• Dataset extract:
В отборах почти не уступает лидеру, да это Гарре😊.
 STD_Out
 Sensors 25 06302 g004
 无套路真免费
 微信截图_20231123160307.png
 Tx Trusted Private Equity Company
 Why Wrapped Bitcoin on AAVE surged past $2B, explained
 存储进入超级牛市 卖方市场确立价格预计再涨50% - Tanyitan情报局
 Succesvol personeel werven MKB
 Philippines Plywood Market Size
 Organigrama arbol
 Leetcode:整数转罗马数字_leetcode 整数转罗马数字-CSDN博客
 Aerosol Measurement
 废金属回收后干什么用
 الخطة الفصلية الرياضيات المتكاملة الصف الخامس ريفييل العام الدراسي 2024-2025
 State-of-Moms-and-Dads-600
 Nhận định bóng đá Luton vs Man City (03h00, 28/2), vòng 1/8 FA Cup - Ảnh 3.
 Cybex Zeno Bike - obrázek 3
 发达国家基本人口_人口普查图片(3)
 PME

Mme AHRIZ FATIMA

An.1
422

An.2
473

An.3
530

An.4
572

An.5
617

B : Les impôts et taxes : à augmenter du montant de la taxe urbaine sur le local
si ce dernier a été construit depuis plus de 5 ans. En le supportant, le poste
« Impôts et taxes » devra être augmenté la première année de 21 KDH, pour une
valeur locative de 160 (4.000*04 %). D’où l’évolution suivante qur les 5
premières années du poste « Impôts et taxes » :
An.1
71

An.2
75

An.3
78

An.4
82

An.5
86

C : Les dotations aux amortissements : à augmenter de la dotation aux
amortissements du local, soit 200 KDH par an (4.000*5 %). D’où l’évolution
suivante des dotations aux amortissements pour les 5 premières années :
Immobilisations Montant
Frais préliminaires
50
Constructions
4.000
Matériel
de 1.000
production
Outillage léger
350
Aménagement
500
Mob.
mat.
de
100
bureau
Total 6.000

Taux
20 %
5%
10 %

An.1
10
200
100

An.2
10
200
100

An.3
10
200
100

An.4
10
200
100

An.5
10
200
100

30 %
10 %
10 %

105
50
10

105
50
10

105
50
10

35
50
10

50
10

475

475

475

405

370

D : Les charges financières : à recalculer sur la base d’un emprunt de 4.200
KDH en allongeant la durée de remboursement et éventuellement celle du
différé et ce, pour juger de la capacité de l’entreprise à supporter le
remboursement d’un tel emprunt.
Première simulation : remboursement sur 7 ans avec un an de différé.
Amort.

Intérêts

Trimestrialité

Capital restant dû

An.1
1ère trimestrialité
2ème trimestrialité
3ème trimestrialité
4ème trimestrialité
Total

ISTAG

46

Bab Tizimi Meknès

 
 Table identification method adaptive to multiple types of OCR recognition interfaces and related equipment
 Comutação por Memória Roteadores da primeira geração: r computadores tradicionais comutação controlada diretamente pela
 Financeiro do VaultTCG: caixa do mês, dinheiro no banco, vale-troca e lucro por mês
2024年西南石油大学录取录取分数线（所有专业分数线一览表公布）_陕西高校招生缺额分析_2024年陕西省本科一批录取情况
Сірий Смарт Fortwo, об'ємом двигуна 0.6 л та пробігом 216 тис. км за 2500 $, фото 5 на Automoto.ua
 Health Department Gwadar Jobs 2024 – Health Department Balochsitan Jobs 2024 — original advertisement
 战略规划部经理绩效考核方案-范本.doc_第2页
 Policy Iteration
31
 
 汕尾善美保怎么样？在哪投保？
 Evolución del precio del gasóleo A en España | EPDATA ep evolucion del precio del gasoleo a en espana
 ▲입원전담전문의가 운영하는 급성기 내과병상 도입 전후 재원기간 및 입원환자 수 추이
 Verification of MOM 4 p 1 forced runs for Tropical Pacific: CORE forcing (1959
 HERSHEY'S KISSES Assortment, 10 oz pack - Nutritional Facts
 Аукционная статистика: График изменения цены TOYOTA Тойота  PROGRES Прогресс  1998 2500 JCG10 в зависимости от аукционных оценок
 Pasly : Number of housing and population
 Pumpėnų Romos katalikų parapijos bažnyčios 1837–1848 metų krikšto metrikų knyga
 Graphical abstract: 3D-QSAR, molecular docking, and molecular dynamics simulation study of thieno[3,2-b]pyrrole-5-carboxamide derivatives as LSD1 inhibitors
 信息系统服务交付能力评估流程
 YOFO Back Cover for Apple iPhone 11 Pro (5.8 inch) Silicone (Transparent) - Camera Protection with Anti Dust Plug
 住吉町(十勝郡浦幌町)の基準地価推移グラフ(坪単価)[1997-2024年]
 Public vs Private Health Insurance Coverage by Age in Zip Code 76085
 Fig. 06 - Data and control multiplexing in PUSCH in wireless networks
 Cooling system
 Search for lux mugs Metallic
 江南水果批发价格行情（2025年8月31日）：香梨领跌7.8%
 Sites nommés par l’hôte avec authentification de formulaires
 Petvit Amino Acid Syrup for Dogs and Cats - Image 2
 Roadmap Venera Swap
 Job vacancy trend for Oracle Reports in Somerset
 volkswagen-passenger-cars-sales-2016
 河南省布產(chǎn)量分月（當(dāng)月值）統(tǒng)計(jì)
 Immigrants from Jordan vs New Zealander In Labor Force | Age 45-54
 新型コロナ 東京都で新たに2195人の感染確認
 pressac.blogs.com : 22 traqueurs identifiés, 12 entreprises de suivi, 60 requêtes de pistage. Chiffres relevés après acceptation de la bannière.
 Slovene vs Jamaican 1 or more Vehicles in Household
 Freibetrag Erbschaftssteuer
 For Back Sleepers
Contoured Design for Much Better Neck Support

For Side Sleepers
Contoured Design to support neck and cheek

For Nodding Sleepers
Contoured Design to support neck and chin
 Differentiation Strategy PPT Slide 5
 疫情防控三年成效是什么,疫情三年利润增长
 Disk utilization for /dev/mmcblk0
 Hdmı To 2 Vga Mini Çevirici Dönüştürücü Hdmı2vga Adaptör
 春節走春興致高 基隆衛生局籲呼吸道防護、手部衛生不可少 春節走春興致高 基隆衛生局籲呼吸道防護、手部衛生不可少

• Description of the task: Full repetition needed. Write out every entry above exactly as given.

• Exercise output:
В отборах почти не уступает лидеру, да это Гарре😊.
 STD_Out
 Sensors 25 06302 g004
 无套路真免费
 微信截图_20231123160307.png
 Tx Trusted Private Equity Company
 Why Wrapped Bitcoin on AAVE surged past $2B, explained
 存储进入超级牛市 卖方市场确立价格预计再涨50% - Tanyitan情报局
 Succesvol personeel werven MKB
 Philippines Plywood Market Size
 Organigrama arbol
 Leetcode:整数转罗马数字_leetcode 整数转罗马数字-CSDN博客
 Aerosol Measurement
 废金属回收后干什么用
 الخطة الفصلية الرياضيات المتكاملة الصف الخامس ريفييل العام الدراسي 2024-2025
 State-of-Moms-and-Dads-600
 Nhận định bóng đá Luton vs Man City (03h00, 28/2), vòng 1/8 FA Cup - Ảnh 3.
 Cybex Zeno Bike - obrázek 3
 发达国家基本人口_人口普查图片(3)
 PME

Mme AHRIZ FATIMA

An.1
422

An.2
473

An.3
530

An.4
572

An.5
617

B : Les impôts et taxes : à augmenter du montant de la taxe urbaine sur le local
si ce dernier a été construit depuis plus de 5 ans. En le supportant, le poste
« Impôts et taxes » devra être augmenté la première année de 21 KDH, pour une
valeur locative de 160 (4.000*04 %). D’où l’évolution suivante qur les 5
premières années du poste « Impôts et taxes » :
An.1
71

An.2
75

An.3
78

An.4
82

An.5
86

C : Les dotations aux amortissements : à augmenter de la dotation aux
amortissements du local, soit 200 KDH par an (4.000*5 %). D’où l’évolution
suivante des dotations aux amortissements pour les 5 premières années :
Immobilisations Montant
Frais préliminaires
50
Constructions
4.000
Matériel
de 1.000
production
Outillage léger
350
Aménagement
500
Mob.
mat.
de
100
bureau
Total 6.000

Taux
20 %
5%
10 %

An.1
10
200
100

An.2
10
200
100

An.3
10
200
100

An.4
10
200
100

An.5
10
200
100

30 %
10 %
10 %

105
50
10

105
50
10

105
50
10

35
50
10

50
10

475

475

475

405

370

D : Les charges financières : à recalculer sur la base d’un emprunt de 4.200
KDH en allongeant la durée de remboursement et éventuellement celle du
différé et ce, pour juger de la capacité de l’entreprise à supporter le
remboursement d’un tel emprunt.
Première simulation : remboursement sur 7 ans avec un an de différé.
Amort.

Intérêts

Trimestrialité

Capital restant dû

An.1
1ère trimestrialité
2ème trimestrialité
3ème trimestrialité
4ème trimestrialité
Total

ISTAG

46

Bab Tizimi Meknès

 
 Table identification method adaptive to multiple types of OCR recognition interfaces and related equipment
 Comutação por Memória Roteadores da primeira geração: r computadores tradicionais comutação controlada diretamente pela
 Financeiro do VaultTCG: caixa do mês, dinheiro no banco, vale-troca e lucro por mês
2024年西南石油大学录取录取分数线（所有专业分数线一览表公布）_陕西高校招生缺额分析_2024年陕西省本科一批录取情况
Сірий Смарт Fortwo, об'ємом двигуна 0.6 л та пробігом 216 тис. км за 2500 $, фото 5 на Automoto.ua
 Health Department Gwadar Jobs 2024 – Health Department Balochsitan Jobs 2024 — original advertisement
 战略规划部经理绩效考核方案-范本.doc_第2页
 Policy Iteration
31
 
 汕尾善美保怎么样？在哪投保？
 Evolución del precio del gasóleo A en España | EPDATA ep evolucion del precio del gasoleo a en espana
 ▲입원전담전문의가 운영하는 급성기 내과병상 도입 전후 재원기간 및 입원환자 수 추이
 Verification of MOM 4 p 1 forced runs for Tropical Pacific: CORE forcing (1959
 HERSHEY'S KISSES Assortment, 10 oz pack - Nutritional Facts
 Аукционная статистика: График изменения цены TOYOTA Тойота  PROGRES Прогресс  1998 2500 JCG10 в зависимости от аукционных оценок
 Pasly : Number of housing and population
 Pumpėnų Romos katalikų parapijos bažnyčios 1837–1848 metų krikšto metrikų knyga
 Graphical abstract: 3D-QSAR, molecular docking, and molecular dynamics simulation study of thieno[3,2-b]pyrrole-5-carboxamide derivatives as LSD1 inhibitors
 信息系统服务交付能力评估流程
 YOFO Back Cover for Apple iPhone 11 Pro (5.8 inch) Silicone (Transparent) - Camera Protection with Anti Dust Plug
 住吉町(十勝郡浦幌町)の基準地価推移グラフ(坪単価)[1997-2024年]
 Public vs Private Health Insurance Coverage by Age in Zip Code 76085
 Fig. 06 - Data and control multiplexing in PUSCH in wireless networks
 Cooling system
 Search for lux mugs Metallic
 江南水果批发价格行情（2025年8月31日）：香梨领跌7.8%
 Sites nommés par l’hôte avec authentification de formulaires
 Petvit Amino Acid Syrup for Dogs and Cats - Image 2
 Roadmap Venera Swap
 Job vacancy trend for Oracle Reports in Somerset
 volkswagen-passenger-cars-sales-2016
 河南省布產(chǎn)量分月（當(dāng)月值）統(tǒng)計(jì)
 Immigrants from Jordan vs New Zealander In Labor Force | Age 45-54
 新型コロナ 東京都で新たに2195人の感染確認
 pressac.blogs.com : 22 traqueurs identifiés, 12 entreprises de suivi, 60 requêtes de pistage. Chiffres relevés après acceptation de la bannière.
 Slovene vs Jamaican 1 or more Vehicles in Household
 Freibetrag Erbschaftssteuer
 For Back Sleepers
Contoured Design for Much Better Neck Support

For Side Sleepers
Contoured Design to support neck and cheek

For Nodding Sleepers
Contoured Design to support neck and chin
 Differentiation Strategy PPT Slide 5
 疫情防控三年成效是什么,疫情三年利润增长
 Disk utilization for /dev/mmcblk0
 Hdmı To 2 Vga Mini Çevirici Dönüştürücü Hdmı2vga Adaptör
 春節走春興致高 基隆衛生局籲呼吸道防護、手部衛生不可少 春節走春興致高 基隆衛生局籲呼吸道防護、手部衛生不可少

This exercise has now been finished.